Durante el mes de julio de 1964 se reunieron en un famoso monasterio cisterciense cincuenta y dos destacados tradicionalistas para hacer ejercicios espirituales y mantener unas jornadas de convivencia en absoluta verdad ante Dios y como en presagio de la durísima prueba que para la Iglesia se avecinaba. Al final de ellas se pensó en la posibilidad de organizar una especie de Orden Militar adaptada a las luchas contemporáneas en favor de la Cristiandad. A este fin se acordó establecer cada año una serie de compromisos para ser sucesivamente aceptados por los asistentes. De momento se escogió como primer eslabón el compromiso de defender la unidad católica de España, que ya entonces se temía saliera malparada del Concilio en curso y de las corrientes que en él dominaban. Veintidós de los asistentes se adhirieron al propósito y formularon, después de la solemne Misa mayor, el día de Santiago y en presencia de la comunidad, el siguiente voto individual: «Yo, N. N., me comprometo a defender a la Santísima Virgen, Señora Nuestra, y la unidad católica de España. Así lo prometo ante Dios y lo juro. Dios me ayude y estos Santos Evangelios que con la mano toco». (El 7 de diciembre de ese mismo año el Concilio promulgaba la declaración llamada de «Libertad religiosa», cuyas disolventes consecuencias vivimos en España más amargamente que en pueblo alguno.)
No pudo asistir Wilhelmsen a aquellas jornadas, pero quedó con el mayor deseo de realizar aquel voto en cuanto supo de él. La ocasión se presentó pronto con motivo del fallecimiento del Teniente Coronel de Estado Mayor don Javier Isasi Ivison, que tiempo antes de su fallecimiento, en Inglaterra, había tenido un mando en la Jefatura Nacional del Requeté. El entierro tuvo lugar en Madrid, y a él acudieron corresponsales y tradicionalistas de toda España, entre ellos Wilhelmsen, gran amigo suyo. Por la tarde de ese día, en casa del Jefe Nacional de Requetés, el Capellán don Melitón Sainz tomó juramento, según la fórmula dicha, a Wilhelmsen, que lo otorgó con la mayor emoción.
Wilhelmsen regresó a América, no sin haber sufrido entre nosotros los primeros «frutos del Concilio», los primeros aggiornamentos, «aperturas» y «cambios de postura» dentro del Carlismo y fuera de él, en la Universidad, en la Iglesia española toda.
A principios de 1966, la batalla por nuestra unidad católica entraba en su fase visible y pública. El recientemente fallecido Coronel de Artillería don José Solís y Fernández de Villavicencio, que era uno de los juramentados en el monasterio cisterciense, propuso que se recogieran fondos para esa lucha entre los que prestaron el juramento. Wilhelmsen envió desde Norteamérica un cheque en dólares por una cantidad muy superior a la fijada.

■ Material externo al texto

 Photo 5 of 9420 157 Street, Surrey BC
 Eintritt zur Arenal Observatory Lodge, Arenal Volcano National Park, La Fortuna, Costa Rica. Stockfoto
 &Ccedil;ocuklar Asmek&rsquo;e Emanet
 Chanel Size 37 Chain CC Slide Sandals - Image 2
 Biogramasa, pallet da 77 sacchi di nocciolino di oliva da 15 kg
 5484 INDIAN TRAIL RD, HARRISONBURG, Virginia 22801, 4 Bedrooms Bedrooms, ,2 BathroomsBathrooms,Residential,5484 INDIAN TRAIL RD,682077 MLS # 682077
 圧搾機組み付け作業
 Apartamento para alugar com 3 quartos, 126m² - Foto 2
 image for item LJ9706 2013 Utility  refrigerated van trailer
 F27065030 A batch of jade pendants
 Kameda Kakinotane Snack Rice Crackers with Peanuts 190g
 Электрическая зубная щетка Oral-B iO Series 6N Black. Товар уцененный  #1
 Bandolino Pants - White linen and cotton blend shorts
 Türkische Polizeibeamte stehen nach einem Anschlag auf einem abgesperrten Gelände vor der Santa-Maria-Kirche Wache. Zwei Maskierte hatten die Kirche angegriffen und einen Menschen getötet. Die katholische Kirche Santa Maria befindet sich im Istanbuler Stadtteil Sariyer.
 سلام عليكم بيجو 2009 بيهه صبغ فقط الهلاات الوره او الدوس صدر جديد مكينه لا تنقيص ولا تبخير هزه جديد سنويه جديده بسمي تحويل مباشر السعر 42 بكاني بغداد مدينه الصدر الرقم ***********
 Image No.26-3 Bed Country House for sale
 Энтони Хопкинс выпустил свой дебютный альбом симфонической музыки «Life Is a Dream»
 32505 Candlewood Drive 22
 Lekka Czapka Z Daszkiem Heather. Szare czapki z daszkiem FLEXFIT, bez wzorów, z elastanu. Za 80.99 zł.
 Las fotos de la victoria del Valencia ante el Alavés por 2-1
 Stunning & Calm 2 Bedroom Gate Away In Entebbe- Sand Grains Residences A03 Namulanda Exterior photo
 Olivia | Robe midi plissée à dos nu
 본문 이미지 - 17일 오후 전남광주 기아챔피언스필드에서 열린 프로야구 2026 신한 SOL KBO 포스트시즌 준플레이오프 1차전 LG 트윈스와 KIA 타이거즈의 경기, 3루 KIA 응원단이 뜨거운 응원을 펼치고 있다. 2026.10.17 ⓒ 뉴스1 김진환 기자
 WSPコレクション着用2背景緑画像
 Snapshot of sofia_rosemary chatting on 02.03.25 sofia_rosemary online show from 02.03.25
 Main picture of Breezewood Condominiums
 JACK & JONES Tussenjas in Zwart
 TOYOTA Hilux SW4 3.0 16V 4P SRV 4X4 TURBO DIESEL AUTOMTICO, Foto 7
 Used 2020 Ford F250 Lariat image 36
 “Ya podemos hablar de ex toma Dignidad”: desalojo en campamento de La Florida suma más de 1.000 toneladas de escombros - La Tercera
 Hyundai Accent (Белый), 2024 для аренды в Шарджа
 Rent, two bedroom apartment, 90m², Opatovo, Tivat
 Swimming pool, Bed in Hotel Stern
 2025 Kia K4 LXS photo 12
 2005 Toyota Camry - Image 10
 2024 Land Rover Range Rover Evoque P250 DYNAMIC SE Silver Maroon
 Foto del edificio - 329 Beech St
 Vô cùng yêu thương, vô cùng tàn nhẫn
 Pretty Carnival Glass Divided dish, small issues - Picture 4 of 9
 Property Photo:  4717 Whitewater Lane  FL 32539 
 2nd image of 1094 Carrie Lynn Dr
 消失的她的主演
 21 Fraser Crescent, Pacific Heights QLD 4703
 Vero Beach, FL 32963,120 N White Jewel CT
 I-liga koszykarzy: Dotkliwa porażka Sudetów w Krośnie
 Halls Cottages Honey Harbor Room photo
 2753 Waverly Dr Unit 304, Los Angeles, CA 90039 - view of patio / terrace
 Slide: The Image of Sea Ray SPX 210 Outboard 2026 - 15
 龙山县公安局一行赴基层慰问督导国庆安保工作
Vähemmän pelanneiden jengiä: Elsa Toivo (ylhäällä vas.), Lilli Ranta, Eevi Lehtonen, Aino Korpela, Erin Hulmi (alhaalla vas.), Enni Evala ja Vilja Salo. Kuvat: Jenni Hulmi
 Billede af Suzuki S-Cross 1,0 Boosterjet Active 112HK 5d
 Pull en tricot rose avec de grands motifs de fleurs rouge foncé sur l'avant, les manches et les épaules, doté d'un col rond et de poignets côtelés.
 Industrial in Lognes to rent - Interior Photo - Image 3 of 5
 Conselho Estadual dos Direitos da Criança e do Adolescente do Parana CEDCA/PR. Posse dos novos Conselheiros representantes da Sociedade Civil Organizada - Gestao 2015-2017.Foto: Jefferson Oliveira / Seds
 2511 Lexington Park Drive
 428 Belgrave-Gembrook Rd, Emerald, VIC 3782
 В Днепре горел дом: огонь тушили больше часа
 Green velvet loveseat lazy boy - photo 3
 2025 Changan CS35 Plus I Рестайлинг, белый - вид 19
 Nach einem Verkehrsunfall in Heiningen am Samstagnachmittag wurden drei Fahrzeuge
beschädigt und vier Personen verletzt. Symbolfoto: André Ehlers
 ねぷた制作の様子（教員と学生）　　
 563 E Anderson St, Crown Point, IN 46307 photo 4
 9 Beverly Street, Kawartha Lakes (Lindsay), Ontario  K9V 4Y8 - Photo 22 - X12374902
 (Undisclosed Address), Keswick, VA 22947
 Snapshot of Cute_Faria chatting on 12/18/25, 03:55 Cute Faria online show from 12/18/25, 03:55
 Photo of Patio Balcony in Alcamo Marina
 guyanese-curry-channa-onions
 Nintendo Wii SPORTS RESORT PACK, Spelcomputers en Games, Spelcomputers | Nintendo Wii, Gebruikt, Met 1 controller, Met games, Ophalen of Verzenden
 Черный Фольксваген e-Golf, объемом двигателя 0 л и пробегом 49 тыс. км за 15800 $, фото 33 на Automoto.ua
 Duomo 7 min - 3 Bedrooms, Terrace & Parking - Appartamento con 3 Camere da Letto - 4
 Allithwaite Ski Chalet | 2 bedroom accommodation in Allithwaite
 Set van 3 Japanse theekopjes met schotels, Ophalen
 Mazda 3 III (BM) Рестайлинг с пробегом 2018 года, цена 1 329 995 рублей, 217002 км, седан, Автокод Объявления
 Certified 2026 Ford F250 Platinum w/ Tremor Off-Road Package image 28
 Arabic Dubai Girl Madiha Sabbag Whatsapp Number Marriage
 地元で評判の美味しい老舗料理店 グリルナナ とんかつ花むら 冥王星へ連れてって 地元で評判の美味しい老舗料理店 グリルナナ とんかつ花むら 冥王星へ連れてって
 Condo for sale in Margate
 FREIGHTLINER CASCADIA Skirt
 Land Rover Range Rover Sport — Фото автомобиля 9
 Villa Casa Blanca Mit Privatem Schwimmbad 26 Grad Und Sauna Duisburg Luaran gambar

En la actualidad ocupa Wilhelmsen una cátedra en la Universidad de Dallas y dirige en Washington una revista –TRIUMPH– que, bajo la Cruz triunfalista de Constantino, defiende allá la bandera de la Cristiandad y del verdadero tradicionalismo, con mayor entereza y vigor –fuerza es reconocerlo– que el carlismo que aquí dejó y al que tanto había amado. Quizá con nadie en Europa he hablado un lenguaje tan profundamente identificado como con aquel americano carlista que se llama Frederick D. Wilhelmsen.